Sur l'origine du processus souverainiste en Catalogne
Dans le quotidien Ara, David Miró a publié un article clair et circonstancié sur la genèse du processus qui a abouti à la déclaration d'indépendance :
«Aujourd'hui, il y a huit ans, 12 journaux catalans publiaient un éditorial commun, «La dignité de la Catalogne», qui mettait en garde contre les effets désastreux sur le système constitutionnel né en 1978 qu'aurait une décision de la Cour Constitutionnelle contraire au Statut approuvé par référendum trois ans auparavant L'éditorial dénonçait «ceux qui rêvent de chirurgies de fer qui coupent la complexité espagnole à la racine». il finissait en avertissant l'opinion publique et la classe politique espagnole: «Nous ne sommes pas confrontés à une société faible, prostrée et prête à assister impassiblement à la détérioration de sa dignité». Parmi les journaux qui ont signé ce texte, qui a provoqué un grand scandale à Madrid, il y avait, il est bon de le souligner, La Vanguardia et El Periódico.
Deux ans plus tôt, en novembre 2007, le président de la Generalitat, José Montilla, avait prévenu lors d'une conférence à Madrid que la distance émotionnelle par rapport à l'Espagne augmentait en Catalogne. «Je pense que la première épreuve de loyauté institutionnelle est d'avertir des conséquences politiques graves à moyen et à long terme de la désaffection émotionnelle sévère de la Catalogne envers l'Espagne et les institutions communes », a-t-il dit dans un discours qui es passé à la petite histoire des prémisses du processus souverainiste .
La conclusion c'est que dans la période 2006-2010, tout le monde était conscient en Catalogne qu'une sentence qui dénature le Statut aurait des conséquences catastrophiques pour la relation avec l'Espagne. Et d'énormes efforts ont été faits pour alerter Madrid de ce danger. Des socialistes aux organisations professionnelles qui, en 2007, avaient réclamé la gestion de l'aéroport d'El Prat, sachant que si l'opération du Statut échouait, quelque chose de grave se produirait. C'était sur toutes les lèvres. L'inquiétude était à son paroxysme quant aux manœuvres d'influence sur la Cour constitutionnelle, au grand jour, et sur les fuites aux médias [...]
Mais l'État espagnol n'en a pas tenu compte, il a appliqué ses mécanismes juridiques et sans ménagement a humilié la Catalogne, rabotant un texte fruit d'un double pacte politique (Parlement catalan et Congrès espagnol) et approuvé par référendum populaire [...]

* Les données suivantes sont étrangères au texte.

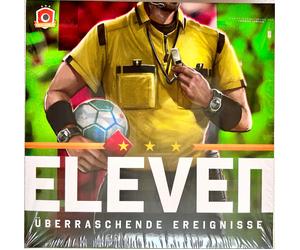Eleven Messaggio Ereignisse Portal Games Gioco da Tavola per Famiglie Strategia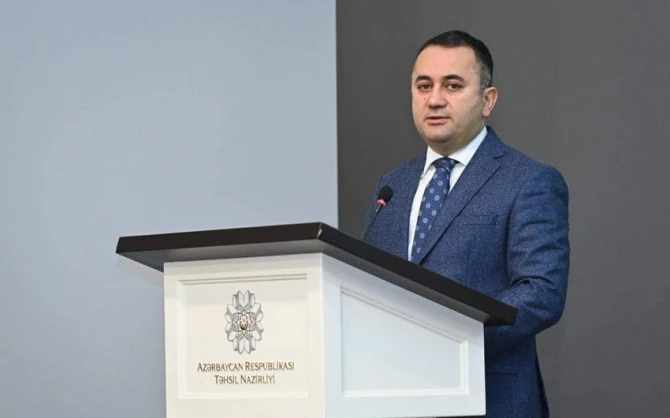 Nazir Təhsilin İnkişafı Fonduna yeni sədr təyin etdi - FOTO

Le corps social catalan a certaines caractéristiques (forte identité nationale, profond sentiment d'autonomie, etc.) qui l'ont poussé à une sorte de réaction pour retrouver la dignité perdue. Montilla avait raison et l'éditorial commun également.
Mais après, les choses ont empiré. Le processus des transferts de compétence s'est arrêté en laissant mourir la commission bilatérale (il y a quelques jours, Mariano Rajoy s'est vanté dans une interview à la radio qu'il n'avait transféré aucune compétence à la Catalogne), la troisième disposition supplémentaire sur l'investissement dans les infrastructures s'est tari et, depuis 2014, le système de financement, qui a été la nième tromperie, est caduc. Et en outre le Parti Populaire a entrepris un processus de recentralisation qui a fait du statut une lettre morte.
Le mouvement indépendantiste se développe sur la mort du pacte statutaire. Telle est l'origine, tout le monde le savait, et personne n'a rien fait.»